I thought and I thought. And then I did. And then I thought. And I just can't do it. I am thinking about this in terms of my future self. I know this is a train wreck waiting to happen, so I'm cool with it not happening. I'm a little sad only because I wish it wasn't a train wreck. But it is, so there's nothing I can do. Go with God.
Other than that, just kind of recuperated this weekend b/c I had a serious lack of sleep. I need to go to the bank to deposit my state refund check. I hate that bank so much. The location is such crap, I don't know how a million fender-benders don't happen in its tiny tiny dangerous parking lot. Banks.

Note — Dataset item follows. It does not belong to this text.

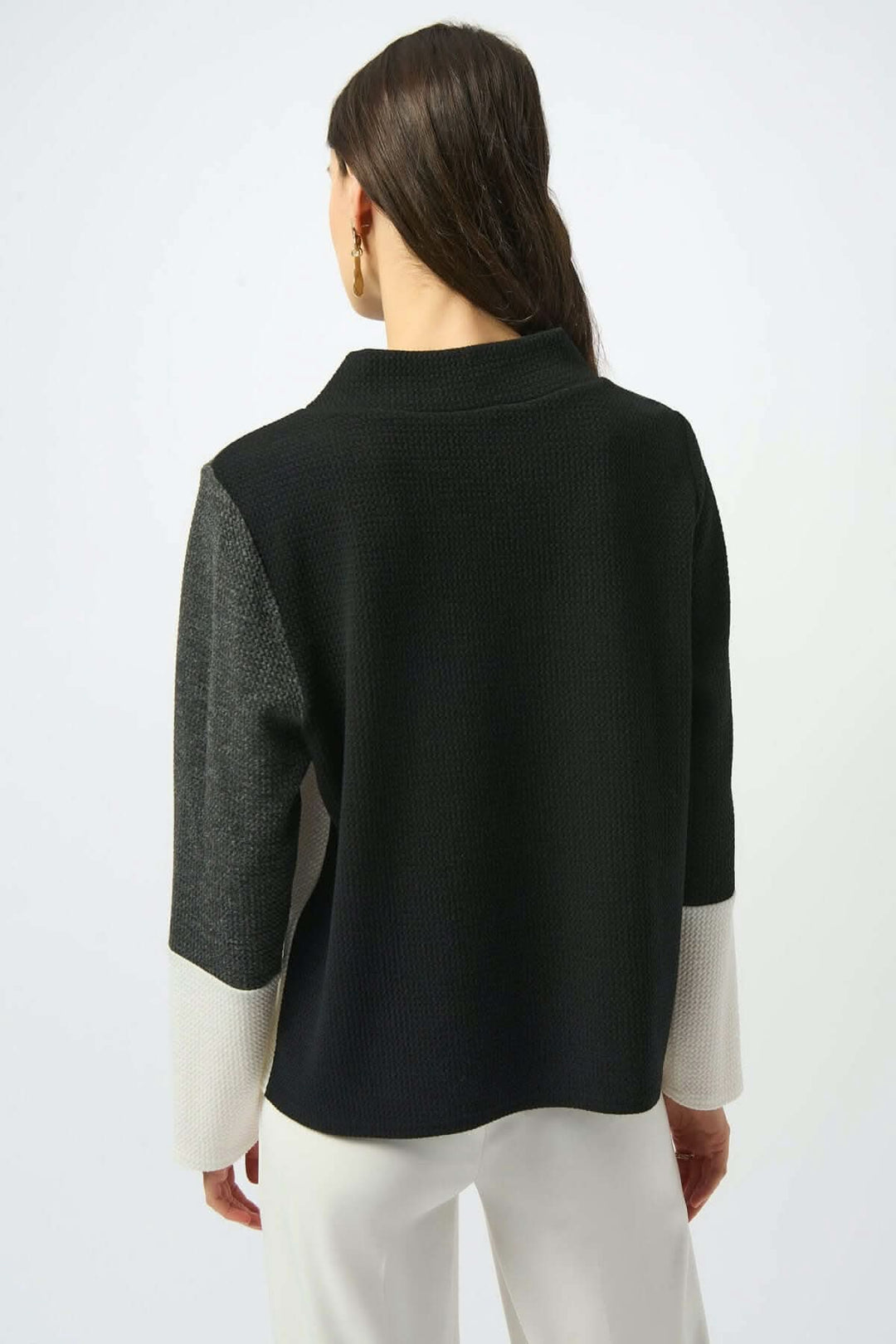 Haut à manches longues au design graphique en blocs de couleurs noir, gris charbon et blanc cassé, vu de dos.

I just read a mostly crappy historical fiction novel about a bank robber who was born in 1901, and then the Leo version of The Great Gatsby was on, so I've had it with prohibition and the roaring 20s and depressions for a while. I really need to give up on books written by journalists. I never like their writing styles. They're so dry and factual. Ugh, this one annoyed me because the author tried to go back and forth through time every 2 pages and he'd put the present in italics. Bleh. Italics. Such crap. I wound up skipping the italics just so I could finish the book, and then at the end the present was suddenly not italics again but it was still really boring, so I just skimmed the main ideas. I really didn't care - not the mark of a good novel.
Okay, I also confess to feeling weird about the guy because he never even tried to kiss me. It was just awkward, and then I feel like different people want you to make a bunch of sounds, and that's just not going to happen if I'm wondering what's going all because I'm thinking too much. At least I didn't get axe-murdered. They would have blamed the victim for sure.